We can do proportional stratified sampling in Pandas by sampling with parameter x.sample(frac=0.1):

(df
	.groupby('continent', group_keys=False)
	.apply(lambda x: x.sample(frac=0.1))
)

This will give us countries proportioned to the initial population:

	country	continent	year	lifeExp	freq
491	Equatorial Guinea	Africa	2007	51.579	52
335	Congo, Dem. Rep.	Africa	2007	46.462	52
1691	Zambia	Africa	2007	42.384	52
131	Benin	Africa	2007	56.728	52
1571	Tunisia	Africa	2007	73.923	52
443	Dominican Republic	Americas	2007	72.235	25
1643	Venezuela	Americas	2007	73.747	25
815	Jordan	Asia	2007	72.535	33
1655	Vietnam	Asia	2007	74.249	33
875	Lebanon	Asia	2007	71.993	33
1607	United Kingdom	Europe	2007	79.425	30
1091	Netherlands	Europe	2007	79.762	30
539	France	Europe	2007	80.657	30

Africa is the most represented continent while Oceania is missing from this sample.

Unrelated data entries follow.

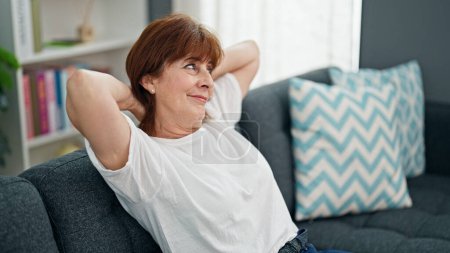 Téléchargez les photos : Femme d'âge moyen détendue avec les mains sur la tête assise sur le canapé maison - en image libre de droit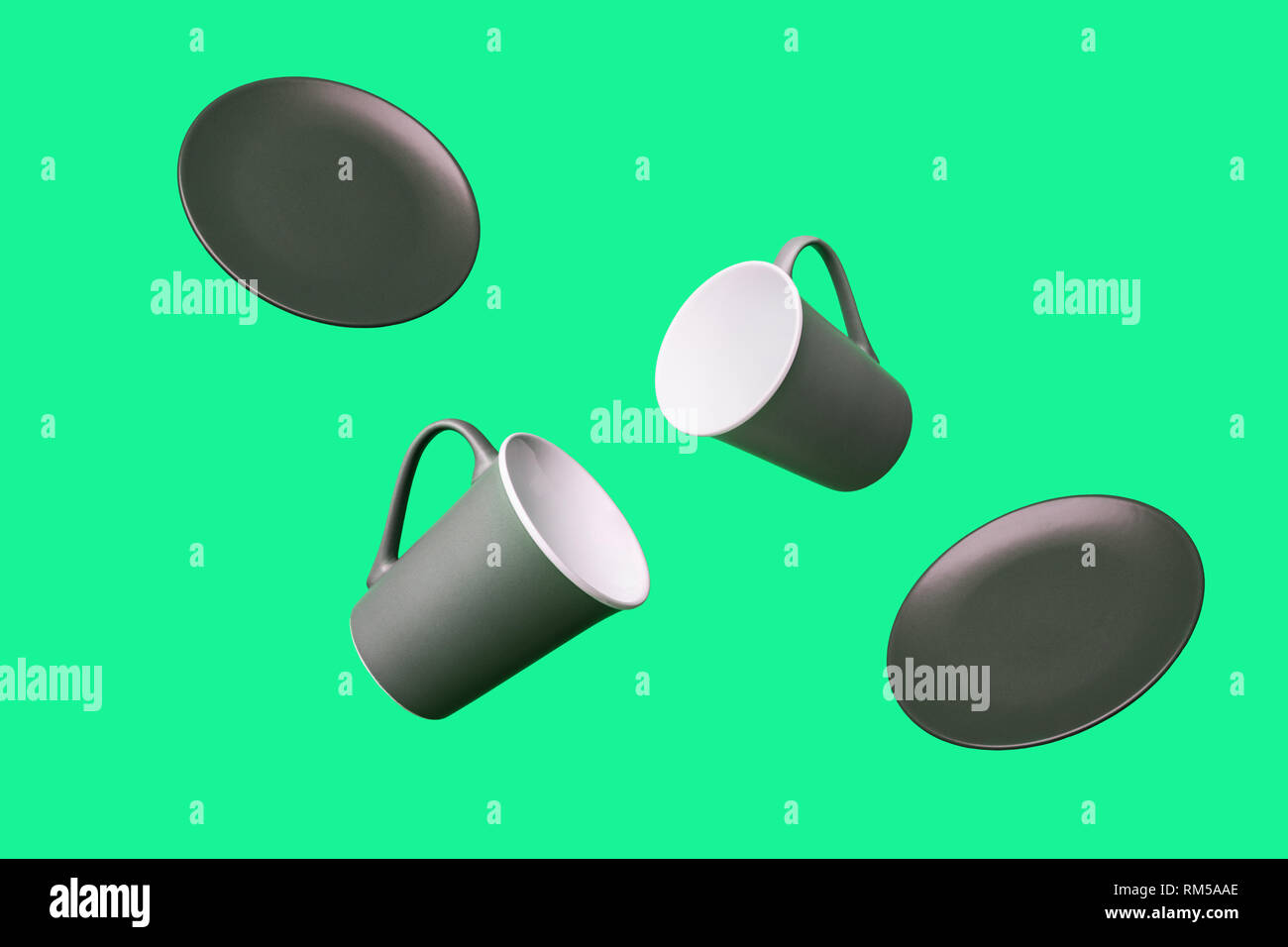 Flying Concept of Gray Brown Porcelain Coffee Tea Cups and Plates on Green Background Decorative Minimal Style Background Stock Photo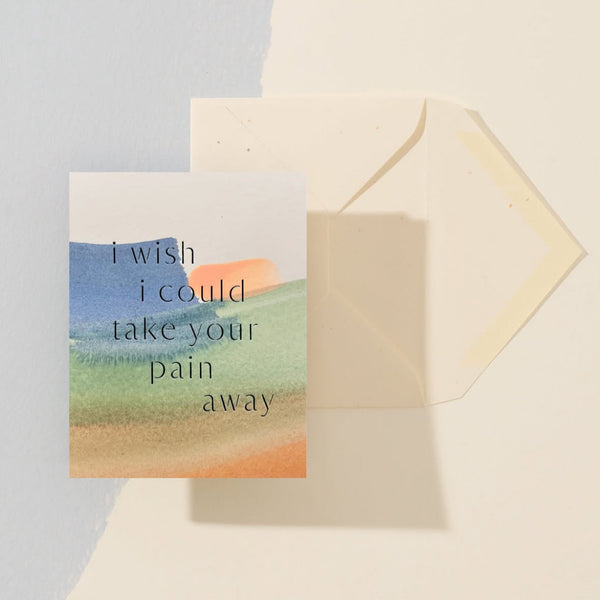Greeting card with 'I wish I could take your pain away' text and watercolor design, accompanied by a matching envelope.
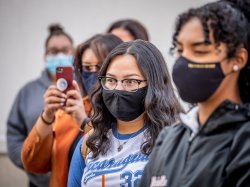 Two students in face masks watch a flag raising ceremony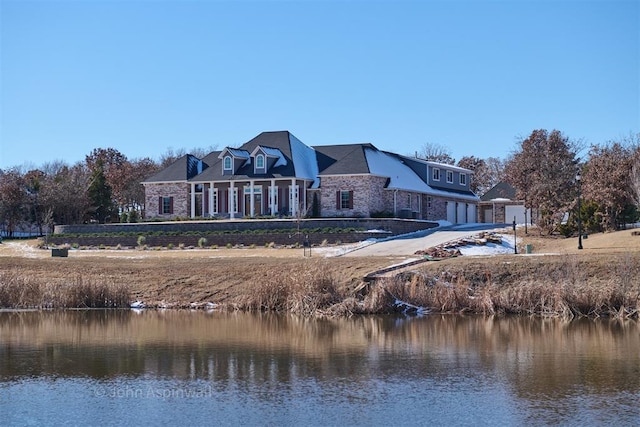 rear view of property featuring a water view and a garage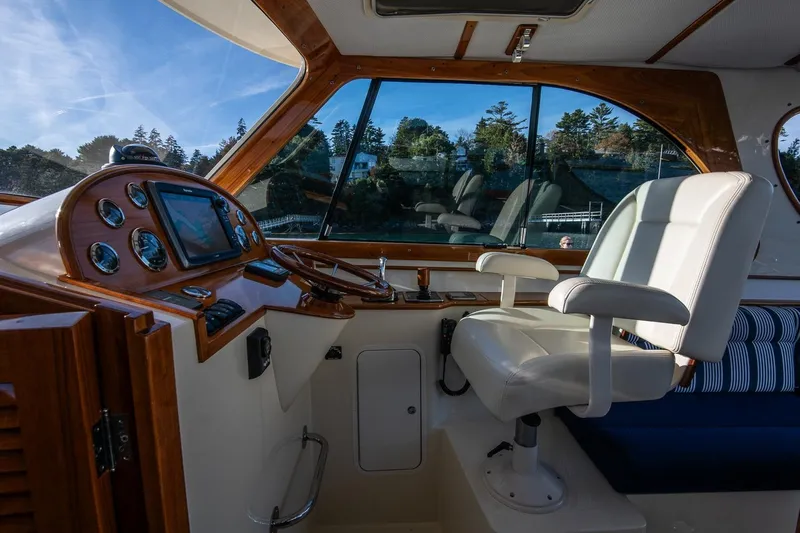 Glory Yacht Photos Pics Interior of 2013 Hinckley Talaria 34 yacht with luxurious helm and seating.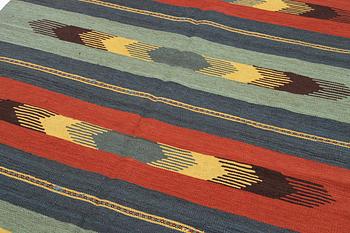 A kilim rug, c 242 x 181 cm.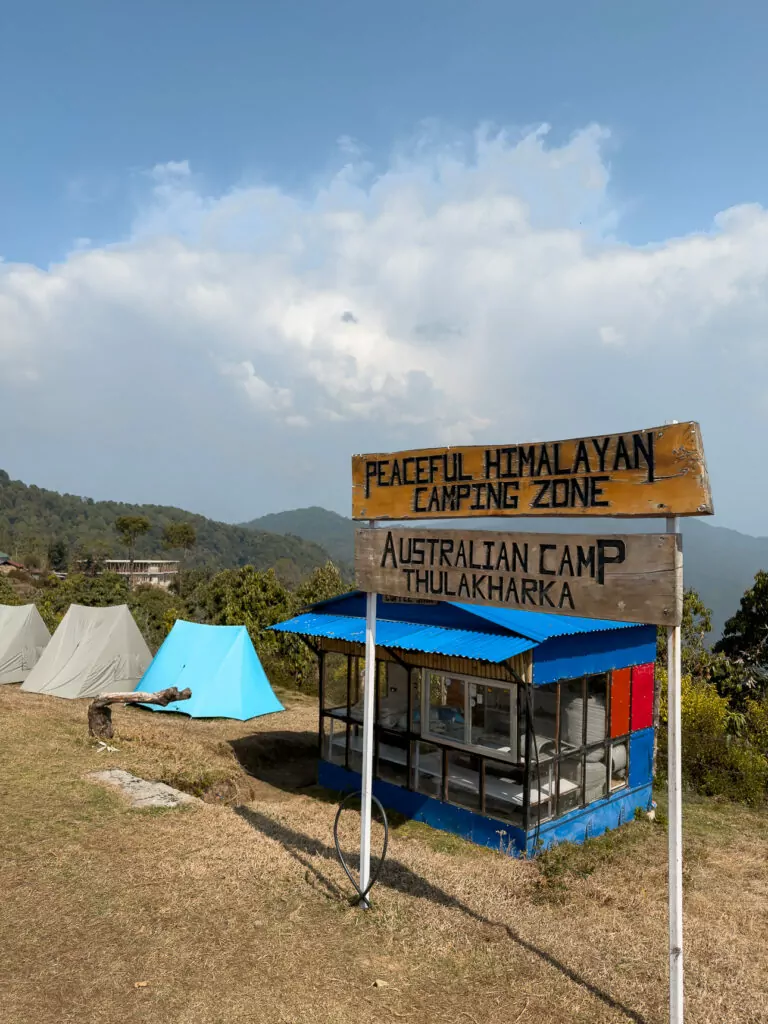 Sign for Australian Camp at the Peaceful Himalayan Camping Zone with a blue-roofed shelter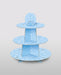 Light blue three-tiered cupcake stand with cloud pattern design and support feet, displayed against a neutral background.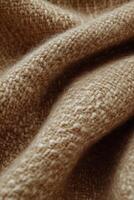 Soft and textured boucle fabric showcasing rich tones and intricate weave patterns for textile enthusiasts photo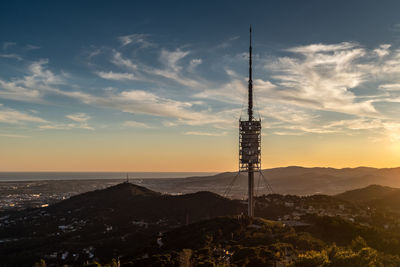 Communications tower against sky during sunset. barcelona, spain. 
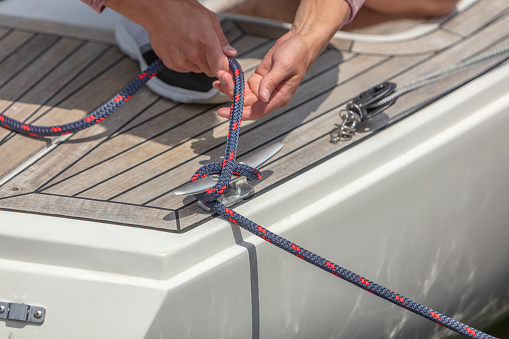 Hands tying a cleat hitch on a white sailing boat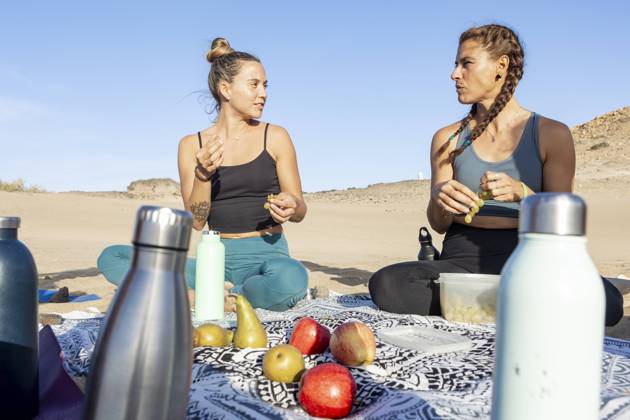 Two women enjoying a nutritious picnic on a beach mat, surrounded by fresh fruit and water bottles, engaged in a conversation with a clear blue sky above. Model Released JuanAizpuru_ID19654_582744_024 Copyright: xJuanxAizpurux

color row based on column value

If you like to learn how to style each group into different color check: color Pandas DataFrame based on value

def format_color_groups(df):
	colors = ['gold', 'lightblue']
	x = df.copy()
	factors = list(x['continent'].unique())
	i = 0
	for factor in factors:
    	style = f'background-color: {colors[i]}'
    	x.loc[x['continent'] == factor, :] = style
    	i = not i
	return x

d1.style.apply(format_color_groups, axis=None)

The result is:

group by sample weights in Pandas

We can use weights to get proportional sampling. First we need to calculate the weights of each stratum:

Calc weights - groupby + .transform('count')

df['weight'] = (df
 	.groupby('continent')
 	.country
 	.transform('count')
)

as a result we have Pandas series which contains the weight for each row:

11  	33
23  	30
35  	52
47  	52
59  	25
    	..
1655	33
1667	33
1679	33
1691	52
1703	52
Name: country, Length: 142, dtype: int64

Calc weights - equal representation

To get equal representation of each group we can calculate the weights:

df['weight'] = 1./(df
 	.groupby('continent')
 	.country
 	.transform('count')    
)

The get disproportional rate:

11  	0.030303
23  	0.033333
35  	0.019231
47  	0.019231
59  	0.040000
      	...   
1655	0.030303
1667	0.030303
1679	0.030303
1691	0.019231
1703	0.019231
Name: weight, Length: 142, dtype: float64

Calc weights - map and value_counts

We can achieve the same result by .map and .value_counts()

df['weight'] = (df
 	.continent
 	.map(df['continent'].value_counts())
)

sampling with weights

To do sampling with respect to distribution of a value in a given column we can use the calculate frequency for parameter weights:

df.sample(n=10, weights = df['weight'])

Result is weighted sampling:

	country	continent	year	lifeExp	freq	weight
851	Korea, Rep.	Asia	2007	78.623	33	33
491	Equatorial Guinea	Africa	2007	51.579	52	52
1043	Mozambique	Africa	2007	42.082	52	52
1175	Pakistan	Asia	2007	65.483	33	33
1223	Philippines	Asia	2007	71.688	33	33
1667	West Bank and Gaza	Asia	2007	73.422	33	33
1031	Morocco	Africa	2007	71.164	52	52
1139	Nigeria	Africa	2007	46.859	52	52
1559	Trinidad and Tobago	Americas	2007	69.819	25	25
635	Guinea-Bissau	Africa	2007	46.388	52	52

Conclusion

In this article, we took a closer look at stratified sampling in Pandas and how to apply it in practice. We covered the two main approaches in stratified sampling - disproportionated and proportionated.

Finally we explain how to use weights to sample and groupby in Pandas DataFrame.